## Recorded data
[Start of section]
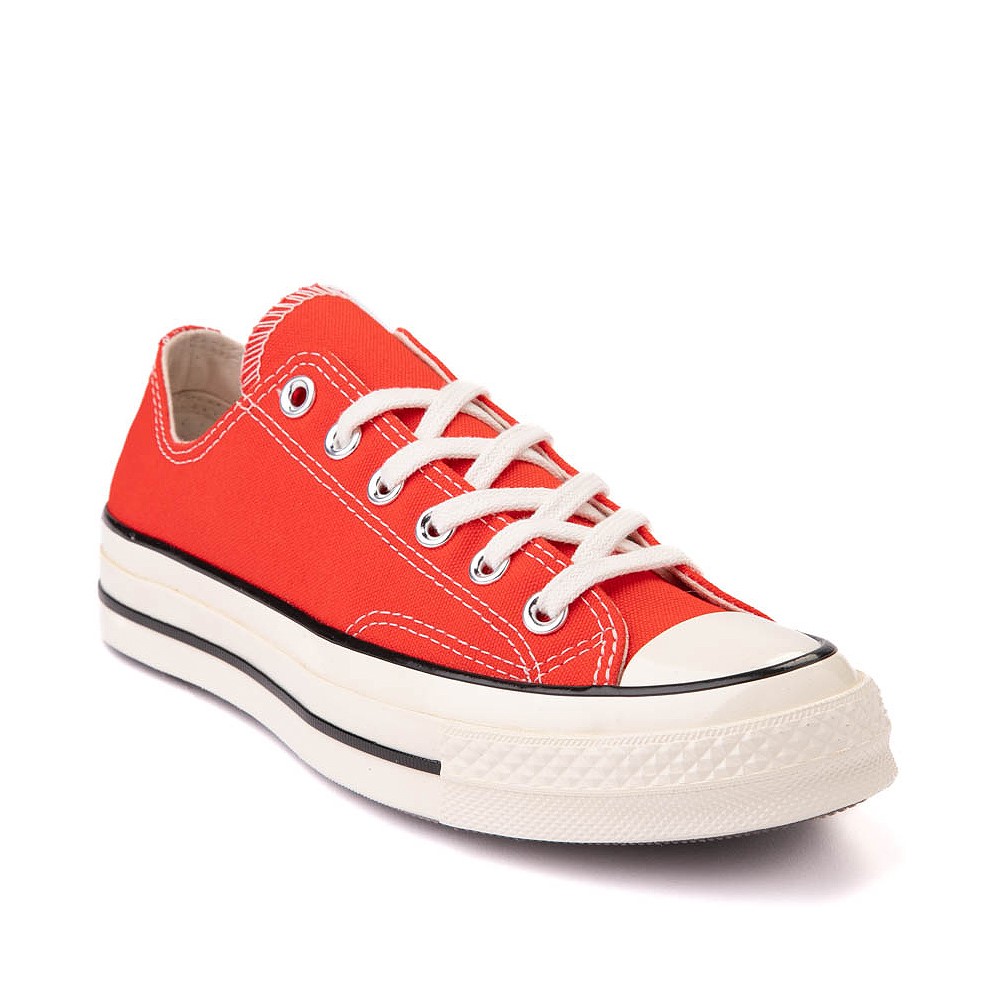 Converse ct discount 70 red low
[End of section]
[Start of section]
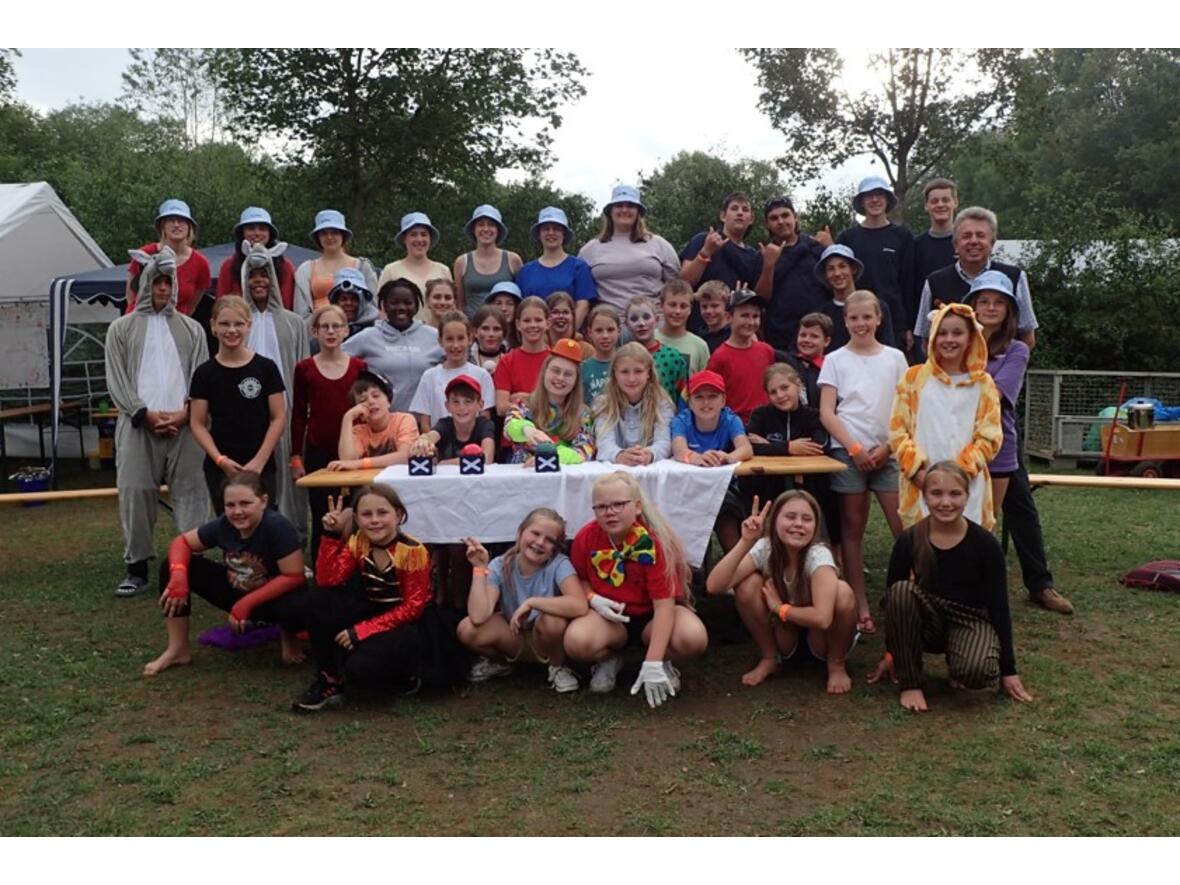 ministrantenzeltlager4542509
[End of section]
[Start of section]
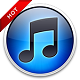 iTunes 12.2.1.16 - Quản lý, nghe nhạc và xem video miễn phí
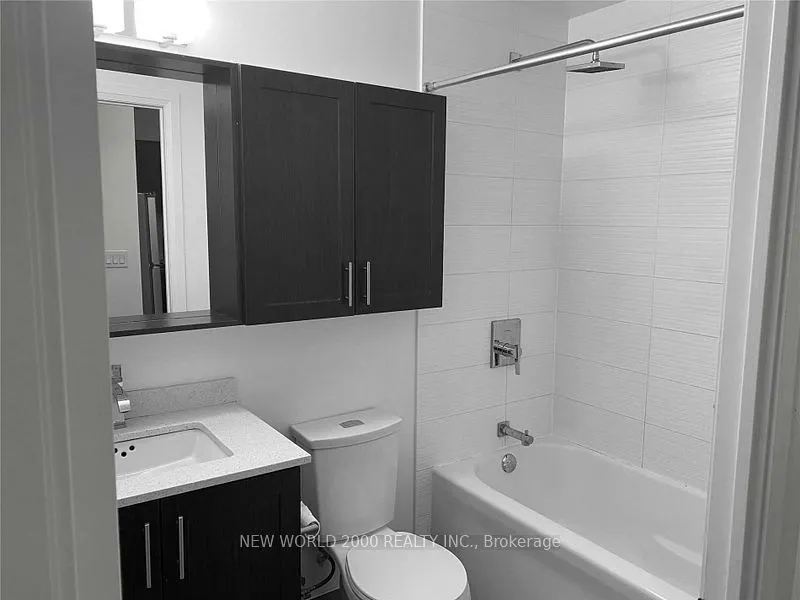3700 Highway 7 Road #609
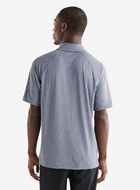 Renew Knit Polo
[End of section]
## Task instructions
Among the lines above, the one with "iTunes 12.2.1.16 - Quản" opens the part to repeat and the one with "Renew Knit Polo" closes it; repeat only that part exactly, with no pictures.

## Solution to this exercise
 iTunes 12.2.1.16 - Quản lý, nghe nhạc và xem video miễn phí
3700 Highway 7 Road #609
 Renew Knit Polo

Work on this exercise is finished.